# Paludarium cost



## Darks!de (Nov 16, 2004)

Hey all, new to the site...i've been thinking of starting a new aquarium project with a 40-55ish tank, but then came across this site. I'm pretty new to this stuff, so i was wondering if the cost of a paludarium would be very costly. Excluding the animals, how would the cost of building a paludarium compare to setting up a freshwater tank of the same size? Thanks all.

-Luke


----------



## Guest (Nov 17, 2004)

Im looking at a 56 pauladarium too. From what ive added up its quite expensive. 

If u want fish u need clear water and that means some filter. I think a canister would be the best so u could also have a stream but thats at least $60.

Lights for a 56 like $100 plus bulbs so another $60 

Then the tank wich is the costly thing (but u already have one).

Some sort of thing to put it on

Plants: for a big tank would be alot maybe $70 

Glass for a lid like $30

And then all the other bits and bobs: eggcrate, substrate, background ( can really be costly)

So it seems alot idk maybe some one with experience building these could chime in. 8) I never set up freshwater tanks my mom always used to pay for those so i cant really compare but I would a NOT top of the line fish tank would be cheaper. Now I know people are gonna say well it can be really expensive (Co2 systems and all that good stuff) but im just talking a standard system :!:


----------



## bgexotics (Feb 24, 2004)

I have done both, and actually depending on how you do things, a paludarium can be cheaper. You can get pretty inventive when it comes to building materials.

Some of the ways to cut corners:
-Buying pea gravel at Lowe's or Home Depot (~$3.00 for 50 lbs.)
(also works for aquariums, just rinse thoroughly to remove foreign materials)
-Buying plants at Lowe's or even from places like Peace of the Tropics isn't too bad. A $5 pothos plant while not the prettiest, works fine and goes a long way. Always rinse plants thoroughly to remove any fertilizer.
-As far a lighting goes, I have never spent big money on fancy lights and my plants grow just fine, including orchids and bromeliads. A local reptile show should have plenty of cheap used aquarium light fixtures. I have also used cheap "Grow Lights" from Wlamart which hold 2 24" flourescent lights.
-Potting mixes can be done pretty cheaply as well. I have made my own using various mixtures, but I usually start with Eco-Earth coconut fiber bedding which is reasonably cheap and comes in expandable bicks.
-For decor, I have used sterilized rocks that I gathered from a creek on my farm as well as live moss that grows on my farm. Even cheaper yet is leaf litter which is free.

Of course I have saved all of my aquarium supplies and old aquariums which also helps cut costs, but you can do a 20-40 gallon paludarium to start and go from there.
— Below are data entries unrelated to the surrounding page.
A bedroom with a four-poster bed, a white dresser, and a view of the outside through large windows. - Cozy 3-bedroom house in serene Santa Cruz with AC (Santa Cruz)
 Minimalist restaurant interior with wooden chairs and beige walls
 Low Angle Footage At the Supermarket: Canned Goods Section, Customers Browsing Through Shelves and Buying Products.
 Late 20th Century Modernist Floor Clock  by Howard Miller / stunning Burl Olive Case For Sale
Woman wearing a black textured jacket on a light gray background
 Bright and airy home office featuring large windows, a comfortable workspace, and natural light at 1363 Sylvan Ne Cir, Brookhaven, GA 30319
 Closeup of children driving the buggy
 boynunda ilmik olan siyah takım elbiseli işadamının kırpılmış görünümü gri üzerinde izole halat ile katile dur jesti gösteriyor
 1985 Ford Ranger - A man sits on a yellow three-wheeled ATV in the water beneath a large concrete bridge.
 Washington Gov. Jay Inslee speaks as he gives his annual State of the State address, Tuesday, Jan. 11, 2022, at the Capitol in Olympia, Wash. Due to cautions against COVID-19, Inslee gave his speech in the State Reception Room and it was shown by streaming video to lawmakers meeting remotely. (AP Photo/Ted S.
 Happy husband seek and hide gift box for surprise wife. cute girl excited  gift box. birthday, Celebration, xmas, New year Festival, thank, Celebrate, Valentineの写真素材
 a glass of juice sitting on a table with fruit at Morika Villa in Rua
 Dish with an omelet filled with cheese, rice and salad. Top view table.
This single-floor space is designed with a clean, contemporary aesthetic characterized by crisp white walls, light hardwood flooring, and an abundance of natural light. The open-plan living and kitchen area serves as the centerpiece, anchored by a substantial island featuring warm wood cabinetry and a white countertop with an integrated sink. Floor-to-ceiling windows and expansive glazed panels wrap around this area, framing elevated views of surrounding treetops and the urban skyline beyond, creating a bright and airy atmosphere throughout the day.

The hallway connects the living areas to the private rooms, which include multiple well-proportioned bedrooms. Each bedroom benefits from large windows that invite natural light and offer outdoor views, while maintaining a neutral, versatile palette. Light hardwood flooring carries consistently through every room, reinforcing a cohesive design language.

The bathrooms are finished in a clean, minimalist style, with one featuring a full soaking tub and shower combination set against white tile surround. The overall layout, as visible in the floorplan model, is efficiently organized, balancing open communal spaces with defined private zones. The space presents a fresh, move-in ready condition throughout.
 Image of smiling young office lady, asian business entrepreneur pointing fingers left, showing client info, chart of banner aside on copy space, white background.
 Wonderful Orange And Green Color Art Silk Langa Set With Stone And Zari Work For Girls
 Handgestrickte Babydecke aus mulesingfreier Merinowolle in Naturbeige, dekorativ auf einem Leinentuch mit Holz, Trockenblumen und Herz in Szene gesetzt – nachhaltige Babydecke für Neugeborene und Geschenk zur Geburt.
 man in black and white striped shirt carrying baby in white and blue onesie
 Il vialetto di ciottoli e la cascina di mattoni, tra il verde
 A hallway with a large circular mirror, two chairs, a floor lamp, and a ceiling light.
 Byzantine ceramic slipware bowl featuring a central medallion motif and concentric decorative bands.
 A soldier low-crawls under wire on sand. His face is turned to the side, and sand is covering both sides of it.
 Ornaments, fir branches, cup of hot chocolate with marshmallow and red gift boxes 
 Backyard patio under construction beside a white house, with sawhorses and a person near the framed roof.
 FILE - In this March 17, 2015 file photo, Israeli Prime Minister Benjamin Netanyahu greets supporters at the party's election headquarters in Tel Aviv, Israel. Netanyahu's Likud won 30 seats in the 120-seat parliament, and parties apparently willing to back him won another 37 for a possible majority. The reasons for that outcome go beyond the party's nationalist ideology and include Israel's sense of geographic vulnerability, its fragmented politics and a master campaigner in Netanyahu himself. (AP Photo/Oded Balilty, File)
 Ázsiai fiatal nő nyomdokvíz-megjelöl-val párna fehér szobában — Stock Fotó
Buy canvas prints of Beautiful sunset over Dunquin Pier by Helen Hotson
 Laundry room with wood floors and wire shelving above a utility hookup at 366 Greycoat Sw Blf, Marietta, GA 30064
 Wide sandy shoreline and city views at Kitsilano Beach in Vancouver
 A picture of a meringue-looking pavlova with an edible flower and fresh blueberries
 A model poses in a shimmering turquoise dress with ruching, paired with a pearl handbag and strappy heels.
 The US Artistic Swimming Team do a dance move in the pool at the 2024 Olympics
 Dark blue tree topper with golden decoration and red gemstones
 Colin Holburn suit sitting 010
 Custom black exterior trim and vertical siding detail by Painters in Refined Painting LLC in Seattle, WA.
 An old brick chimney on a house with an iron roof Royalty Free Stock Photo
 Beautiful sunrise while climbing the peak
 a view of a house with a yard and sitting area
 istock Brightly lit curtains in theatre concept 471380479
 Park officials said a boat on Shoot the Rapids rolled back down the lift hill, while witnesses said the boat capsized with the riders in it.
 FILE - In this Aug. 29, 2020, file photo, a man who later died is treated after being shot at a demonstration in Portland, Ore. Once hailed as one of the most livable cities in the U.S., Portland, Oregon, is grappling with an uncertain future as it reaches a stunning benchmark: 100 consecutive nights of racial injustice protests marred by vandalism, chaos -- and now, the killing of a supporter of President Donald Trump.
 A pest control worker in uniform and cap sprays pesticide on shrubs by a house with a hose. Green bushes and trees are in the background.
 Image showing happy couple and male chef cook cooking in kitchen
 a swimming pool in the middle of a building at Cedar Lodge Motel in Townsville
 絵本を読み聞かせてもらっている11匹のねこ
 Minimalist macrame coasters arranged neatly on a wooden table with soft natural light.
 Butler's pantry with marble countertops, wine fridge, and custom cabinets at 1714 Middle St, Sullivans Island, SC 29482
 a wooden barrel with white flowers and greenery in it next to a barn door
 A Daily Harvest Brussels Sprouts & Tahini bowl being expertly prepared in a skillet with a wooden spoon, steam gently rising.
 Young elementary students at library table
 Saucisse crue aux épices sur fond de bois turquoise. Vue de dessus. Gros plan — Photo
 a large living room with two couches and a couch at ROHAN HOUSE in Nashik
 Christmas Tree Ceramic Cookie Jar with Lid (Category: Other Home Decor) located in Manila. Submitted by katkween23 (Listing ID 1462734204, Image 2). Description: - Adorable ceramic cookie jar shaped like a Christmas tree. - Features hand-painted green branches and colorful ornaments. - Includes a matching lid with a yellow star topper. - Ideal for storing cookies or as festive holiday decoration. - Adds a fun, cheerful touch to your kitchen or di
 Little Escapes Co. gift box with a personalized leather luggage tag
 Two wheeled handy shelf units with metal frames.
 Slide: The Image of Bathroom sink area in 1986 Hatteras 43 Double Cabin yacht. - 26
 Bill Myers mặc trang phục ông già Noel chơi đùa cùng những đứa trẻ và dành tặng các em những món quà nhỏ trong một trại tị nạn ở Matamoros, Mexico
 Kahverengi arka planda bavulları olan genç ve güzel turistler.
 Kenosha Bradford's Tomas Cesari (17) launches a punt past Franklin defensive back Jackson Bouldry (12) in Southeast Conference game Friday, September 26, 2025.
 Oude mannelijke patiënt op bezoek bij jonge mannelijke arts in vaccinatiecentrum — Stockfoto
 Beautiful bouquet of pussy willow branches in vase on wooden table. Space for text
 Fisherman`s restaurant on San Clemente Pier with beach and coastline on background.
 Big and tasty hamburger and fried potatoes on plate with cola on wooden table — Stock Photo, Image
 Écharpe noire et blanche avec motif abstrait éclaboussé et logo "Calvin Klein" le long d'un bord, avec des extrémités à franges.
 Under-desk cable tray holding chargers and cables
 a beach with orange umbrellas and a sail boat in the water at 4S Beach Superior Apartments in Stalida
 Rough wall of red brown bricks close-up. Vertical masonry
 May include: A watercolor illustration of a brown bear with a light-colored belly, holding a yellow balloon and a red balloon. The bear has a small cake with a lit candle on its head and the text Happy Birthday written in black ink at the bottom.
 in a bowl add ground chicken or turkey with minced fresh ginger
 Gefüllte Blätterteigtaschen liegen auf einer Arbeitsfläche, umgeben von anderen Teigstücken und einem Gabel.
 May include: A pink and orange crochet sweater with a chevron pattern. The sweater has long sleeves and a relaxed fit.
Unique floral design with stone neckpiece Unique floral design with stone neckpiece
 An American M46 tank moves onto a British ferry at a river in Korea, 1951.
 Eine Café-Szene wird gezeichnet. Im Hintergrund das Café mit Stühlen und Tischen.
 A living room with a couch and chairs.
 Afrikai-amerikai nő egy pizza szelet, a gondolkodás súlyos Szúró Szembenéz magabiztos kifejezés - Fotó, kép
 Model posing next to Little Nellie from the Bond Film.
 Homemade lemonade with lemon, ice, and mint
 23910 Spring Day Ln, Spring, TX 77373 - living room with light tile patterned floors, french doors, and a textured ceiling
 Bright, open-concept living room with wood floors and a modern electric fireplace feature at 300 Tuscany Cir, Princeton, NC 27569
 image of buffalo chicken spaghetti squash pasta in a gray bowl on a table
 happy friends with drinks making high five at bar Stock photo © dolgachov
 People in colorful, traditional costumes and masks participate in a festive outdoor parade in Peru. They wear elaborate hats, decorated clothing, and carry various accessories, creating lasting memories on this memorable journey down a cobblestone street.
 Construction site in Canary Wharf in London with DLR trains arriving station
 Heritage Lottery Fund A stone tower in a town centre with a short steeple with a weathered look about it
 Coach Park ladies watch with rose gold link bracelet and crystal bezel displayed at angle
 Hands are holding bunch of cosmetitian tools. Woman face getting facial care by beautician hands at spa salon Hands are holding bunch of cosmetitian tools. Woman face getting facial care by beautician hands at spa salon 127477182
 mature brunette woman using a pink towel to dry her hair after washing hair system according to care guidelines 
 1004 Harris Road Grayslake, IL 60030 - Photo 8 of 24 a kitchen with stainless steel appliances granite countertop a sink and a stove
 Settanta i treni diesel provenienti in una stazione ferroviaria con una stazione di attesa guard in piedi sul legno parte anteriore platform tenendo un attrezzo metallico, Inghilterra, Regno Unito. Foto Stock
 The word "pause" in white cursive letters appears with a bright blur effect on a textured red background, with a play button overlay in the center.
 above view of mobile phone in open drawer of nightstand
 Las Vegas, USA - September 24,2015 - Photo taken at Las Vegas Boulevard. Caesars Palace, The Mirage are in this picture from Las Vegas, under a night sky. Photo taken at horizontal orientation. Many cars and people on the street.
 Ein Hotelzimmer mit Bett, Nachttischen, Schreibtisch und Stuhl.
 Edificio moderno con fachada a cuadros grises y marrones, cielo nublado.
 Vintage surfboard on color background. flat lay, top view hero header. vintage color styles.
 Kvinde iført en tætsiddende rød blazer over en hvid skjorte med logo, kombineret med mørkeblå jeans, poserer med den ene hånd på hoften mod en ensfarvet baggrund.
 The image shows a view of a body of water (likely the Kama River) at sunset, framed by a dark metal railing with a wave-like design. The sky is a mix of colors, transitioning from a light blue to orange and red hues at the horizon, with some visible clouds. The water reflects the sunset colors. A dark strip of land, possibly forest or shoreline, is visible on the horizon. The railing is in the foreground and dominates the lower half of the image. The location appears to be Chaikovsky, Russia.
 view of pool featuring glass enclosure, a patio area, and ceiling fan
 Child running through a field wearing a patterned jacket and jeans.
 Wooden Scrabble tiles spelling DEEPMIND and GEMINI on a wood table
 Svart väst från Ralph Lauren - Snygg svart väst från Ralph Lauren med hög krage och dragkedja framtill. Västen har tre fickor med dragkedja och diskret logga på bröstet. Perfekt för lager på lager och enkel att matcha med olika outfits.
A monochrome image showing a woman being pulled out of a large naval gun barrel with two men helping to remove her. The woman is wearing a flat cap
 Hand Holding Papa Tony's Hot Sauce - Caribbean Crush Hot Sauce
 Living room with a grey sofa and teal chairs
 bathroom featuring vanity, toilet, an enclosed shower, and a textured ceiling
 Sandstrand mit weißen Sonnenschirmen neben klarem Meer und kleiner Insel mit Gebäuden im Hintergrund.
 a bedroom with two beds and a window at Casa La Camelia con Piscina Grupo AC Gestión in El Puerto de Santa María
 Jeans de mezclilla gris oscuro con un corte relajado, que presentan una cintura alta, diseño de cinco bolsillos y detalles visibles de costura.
EVeryone has their own preferences and through trial and error have found out what works for them. I would look at several pictures of different terrarium designs and also think about what kind of herps you want to keep before building anything.

My dream paluadrium would be a 75 bowfron with rock cliffs containing brackish fish and mudskippers. There used to a tank like that at the store where I worked and watching the mudskippers "fight" all day was very entertaining.


----------



## Guest (Nov 17, 2004)

For lighting people seem to suggest 48" shop lights and that would be perfect for a 55 gallon. Its about $25 for the light fixture that holds two t8 bulbs and someone recomended getting the more expensive "daylight" bulbs which i beleive i was told adre $6.50 for 1 or two i dont remember.... heres a link to a post i had with better detailsof these lights http://www.dendroboard.com/phpBB2/viewtopic.php?t=3862


----------



## geckguy (Mar 8, 2004)

The fixtures are usually $8, you have to look around home depot, they are just in boxes, not on display.


----------



## Darks!de (Nov 16, 2004)

Hmmm...doesn't sound so bad...well can you guys just post some really helpful sites that might cover building a paludarium/vivarium and listing some needed items/animal specs. That would be very helpful. I found a few on the site, but i bet there are many more which you all are familiar with. Thanks so much. 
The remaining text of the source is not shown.